When Hurford arrived back at the apartment, Nicole was awake, sitting on the edge of the bed and combing her hair. She wore only his old silk dressing-gown, tightly tied round her waist but
loose everywhere else. Her bare feet were large and looked somehow flat, like the pads of a heavy animal.
“Make me some coffee, Mike,” she said and smiled. He sensed that she was in one of these extremely amiable moods that had been rare for the past year or so.
He heated some of the coffee that remained from the previous evening and brought it to her in the bedroom. She was still sitting on the bed, staring ahead of her, absolutely motionless. He could
feel in her stillness that blend of complete repose and expectancy which never failed to move him. When, handing her the coffee, he leant forward, he could see her breasts. He caught a strand of
her hair and tugged at it gently.
“Wait till I’ve drunk my coffee,” she said without any emotion, without smiling.
Hurford sat on the bed beside her, fighting back the sudden urgency, trying to match her tranquillity. Finally she stopped drinking, put her cup down and then twisted suddenly, pushing him back
on the bed.
Her love-making was aggressive and commanding. Usually he would have accepted it almost passively, but today she triggered off an equal savagery inside him. In a single instant of floodlit
clarity before the downward vortex of passion, he realised it was because he knew this would be the last time.
Afterwards he sat and watched her at the dressing table as she put up her hair.
“I’ve been offered a job,” he said at last.
“By your English friend?” Her intuition surprised him. He had mentioned his first meeting with Savage but nothing more.
“It’s a teaching post in Russia.”
“I don’t wish to go to Russia.”
“Why not? You know nothing about the country.”
From this starting point, slowly, elaborately, like two people playing a Chinese game, they built up their quarrel. They knew all each other’s moves, but this did not make the exchanges
any less intense. Sarcasm was replaced by bitterness, bitterness by clumsy anger.
“Go back to your regiment!” she hissed at him. “Go back and enjoy your schoolboy games. Play at being a British officer again. What does it matter if you’re
middle-aged?”
“I’ve already told you it’s a teaching job. Are you stupid?”
“Past forty and already inadequate.” She did not know his age but had to taunt him where a Frenchman would have been most vulnerable.
“You’re right. I should have sense enough to know I’m too old to satisfy a waterfront nymphomaniac.”
“And what do you hope to find in Russia? Some whore as middle-aged as yourself?”
“My self-respect perhaps.” He knew he sounded pompous and British and all the other things she affected to despise and the knowledge made him even angrier.
“Oh, foutez . . . ”
He looked at her, wondering how long ago his disillusionment in her and the life they led had began.

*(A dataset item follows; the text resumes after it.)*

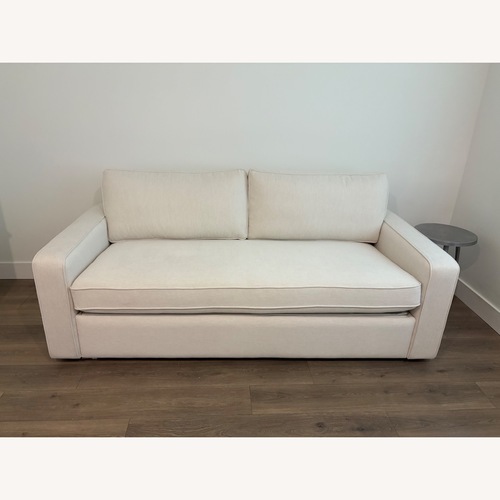 Used Interior Define The James Queen Sleeper Sofa  for sale on AptDeco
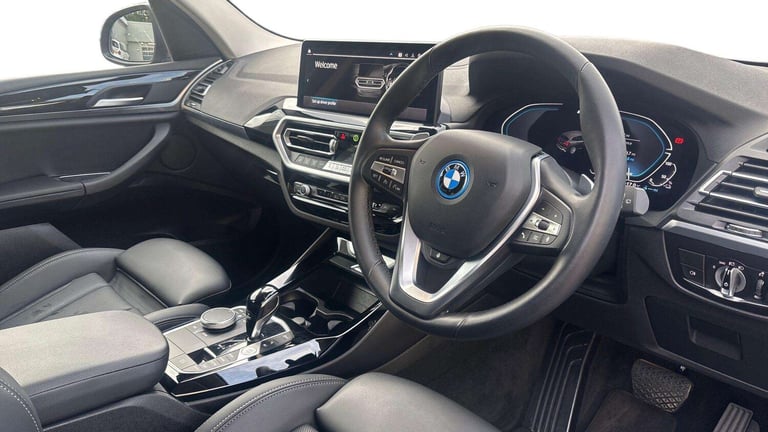 2022 BMW X3 xDrive 30e xLine 5dr Auto ESTATE PETROL/ELECTRIC Automatic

THE canvas was undated, but immediately recognisable as an early Heike. An abstract built up on a diagonal axis, cobalt and mauve predominated, as
they so often had in the painter’s work during his Nordic period.
Bartle had been gazing at it for several minutes, satisfied now that the painting was hung in a manner consistent with its excellence—and its price. Eight thousand seven hundred and fifty
new francs. The fact that his friends would assume, as they were supposed to, that it was a copy, only added in some perverted way to his pride of possession. He remembered the subterfuges he had
invented, the precautions he had taken to conceal his identity when it had been bought, for cash of course, from the gallery in the Rue du Faubourg St. Honoré. His only regret was that he
could not risk refurnishing his flat to provide a setting worthy of the Heike. Even so, there could be other pictures and perhaps a genuine antique or two, if he was discreet. He sat down at the
horrid little walnut bureau from Tottenham Court Road, took a sheet of paper and began earning the money that could pay for them.
The list which he had to compile each week was a long one, but he had an exceptionally retentive memory and never needed to keep notes, which reduced the security risk. Thirty-seven items had
been ordered during the week for the Ministry of Defence research unit in Dorset. Chemicals, optical and laboratory equipment, even office furniture; he listed them all, with quantities or
dimensions in every case. He had long ago ceased to wonder how the list could be of value to a foreign power and now no longer believed that it was. The whole operation was a piece of organised
stupidity, intelligence for the sake of intelligence, to satisfy some bureaucrat in a Moscow office. As an order clerk in the supply department of the Ministry, he was prepared to accept that other
countries might also have Civil Servants who created work to justify promotion, another assistant, a bigger samovar.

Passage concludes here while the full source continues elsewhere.